I always wonder what food blogger home cooking really looks like. I figure some of you think like me. So here are a few of my recent home-cooked meals.

These are listed chronologically. A good number of dinners are missing. About once a week we ordered in, took out, or heated a pre-cooked meal from Wegmans. I cooked two not-so-good dinners this month. I’ll do a better job of reporting all these next month; putting together this post was more work than I realized. With those in mind, what I’ve listed below is representative of our usual home cooking.

Pizza and sugar snap peas: This was New Year’s Eve dinner. Holiday traveling was tough and I wanted something easy. I cooked the sauce (tomato, onion, and butter) as the dough rose. Baked it in a cast iron combination cooker in an oven set to maximum temperature. The snap peas I cooked over high heat with olive oil and plenty of lemon juice.

Arepas and kale: I needed to use some frozen corn and some kale. The only entree-type dish featuring corn that I know how to make is arepas. The arepas were cornmeal, flour, leavener, milk, egg, and salt. The kale I cooked to a melting tender and then dressed with a lazy man’s mojo de ajo: lime juice mixed with a vegetable oil infused with garlic and red pepper flake. I spooned some Fage on the side.

Roasted chicken, sugar snap peas, cauliflower gratin: I had some chicken legs in an equilibrium brine in the refrigerator. I seared and roasted these. Snap peas I cooked as I did on pizza night. I made a gratin of the cauliflower because I came across a Jacques Pepin video earlier in the day (probably while looking up some other technique). To make the gratin, I boiled the cauliflower, poured a Jarlsberg cheese sauce over it, topped it with Gruyere, and finished it in the oven.

Frittata and herbed rice: I bought a bag of peppers but never got around to the arroz con pollo experiment they were intended for. The frittata was a way to use some of the peppers. The frittata was three sweet peppers, one leek, and four eggs. Six eggs would have been better. But then again I topped it with goat cheese and gruyere and some parsley. The herbed rice was simply butter and minced parsley stems mixed into salted brown rice.

Kale and rice enriched cheeseburgers, green salad: I wanted to take the stand mixer out for another test drive. Having a stand mixer is really like having an assistant.
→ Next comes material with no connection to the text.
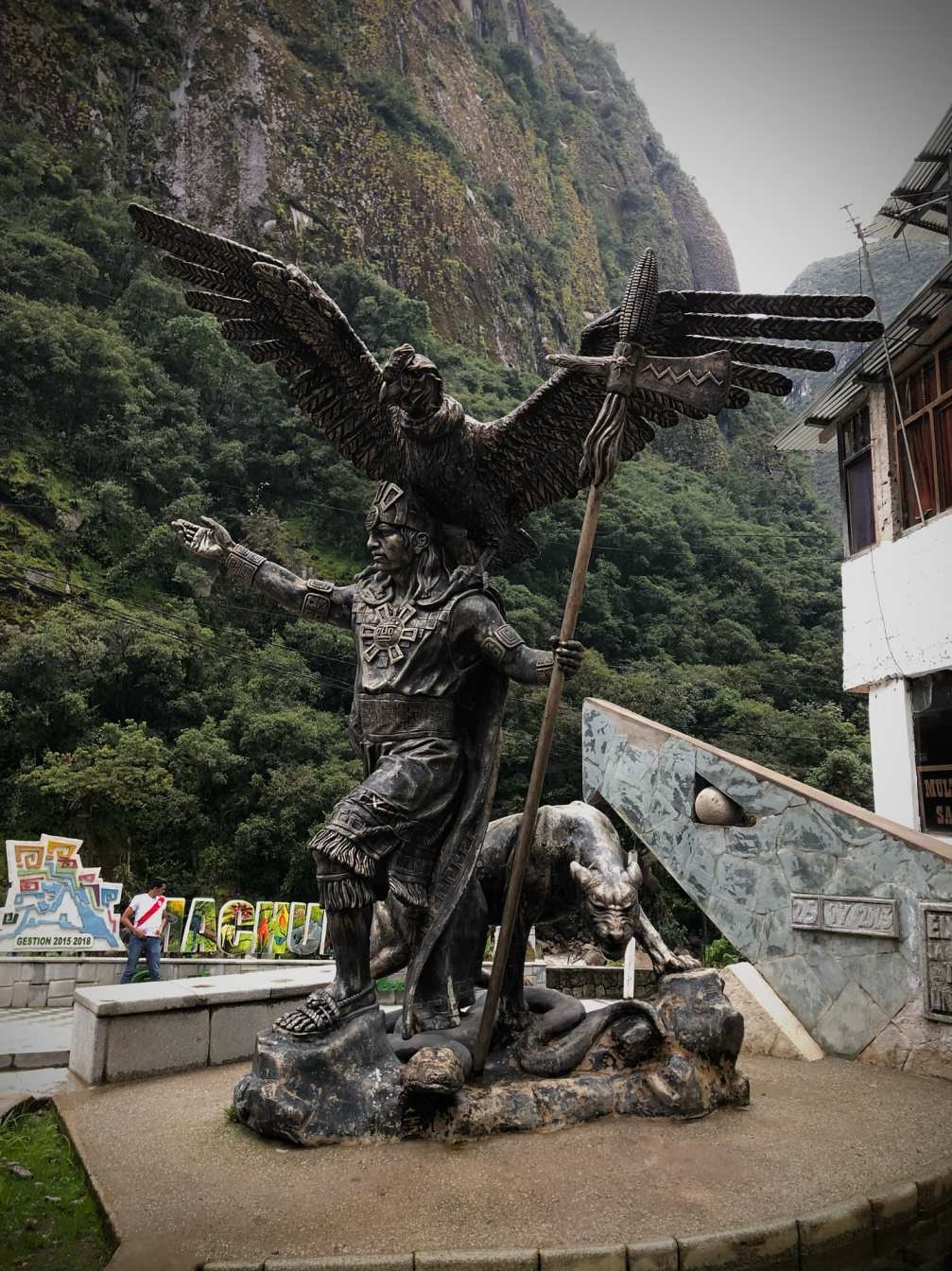 The Andean Condor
I formed the dough after I picked up our toddler from day care, rising and shaping it while I cleaned up and prepared everything else. At home I like to make hamburger patties with ground beef, a cooked grain, and a green. This night the grain was brown rice and the green was kale (left over from a dinner I didn’t write up). The green salad was one of those rectangular supermarket boxes of baby greens. I miss growing season.

Frittata and vegetable soup: The frittata was egg, leek, gruyere and tarragon. For soup I cooked 8 carrots, 1 yellow bell pepper, 1 onion, and a bay leaf in stock to cover. When the carrots were tender, I removed the bay leaf and pureed the rest with an immersion blender, adding stock, milk, and basil to taste.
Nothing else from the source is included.